Overall, resistance in Congress to Bush’s plan is extremely weak considering its dangerous implications. Opposition from the Democrats in part represents concern over the effect it will have on an already severely strained transatlantic relationship. The withdrawal of the United States from the Kyoto agreement—which was signed late last year by most of the world, excepting the US, and includes mandatory emission reductions—provoked considerable anger over America’s unilateralist policy. The new global warming plan has only confirmed European suspicions that the US—the world’s leading polluter—is determined to prevent strict emissions regulations.
Britain’s environment secretary, Margaret Beckett, issued a statement declaring that Bush’s plan “is in contrast with the net reduction in greenhouse gases that other developed world countries have agreed under the Kyoto Protocol and the seven percent reduction the U.S. originally agreed for that period.... In the UK’s view, the Kyoto Protocol, with its legally binding targets and timetables, remains the only workable basis for taking forward international action on climate change.”
Olivier Deleuze, Belgium’s Green Party energy minister, declared Bush’s plan to be “immoral,” commenting: “It’s really shocking ... it’s a bit like saying: ‘wealth is for us today in 2002 and we will leave the problems for our children or for people in Africa or Asia.’” French Environment Minister Yves Cochet called on the European Union to oppose the plan and urge Bush to ratify the Kyoto Protocol instead. The American proposals have also been met with a cool response from Japan, which has been one of the strongest supporters of Kyoto.
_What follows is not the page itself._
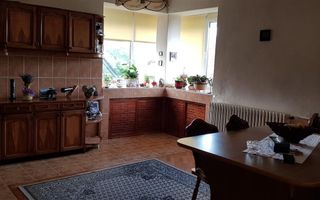 Casa ideala pentru transformare in pensiune - Poză 11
All of this comes in the wake of new evidence that the global warming trend of the past several years is continuing. Weather trends have been considerably more erratic recently, including an extremely mild autumn and winter for much of the United States and a severe draught on the East Coast. According to the federal National Climatic Data Center, the average national temperature for the November-January period was 39.94 degrees Fahrenheit, 4.3 degrees above the 1895-2001 long-term average.
Prior to this year, the record for the same period was 39.63 degrees Fahrenheit, set in 1999-2000. Over the past 25 years, the average temperature for November-January has risen at a rate of 1.2 degrees Fahrenheit per decade.
Globally, the World Meteorological Organization estimated that 2001 was the second warmest year on Earth since measurements were first systematically recorded in 1860. This is in spite of the cooling effect known as La Nina, a phenomenon that produces relatively cooler Pacific Ocean temperatures.
Nine of the ten warmest years on record have occurred since 1990. The warmest year was 1998, in part due to the effects of El Nino (La Nina’s opposite), followed by 2001 and 1997. The Hadley Center for Climate Prediction and Research in Britain, one of the world’s major forecasting centers, predicts there is a 75 percent chance that this year will be warmer than 2001.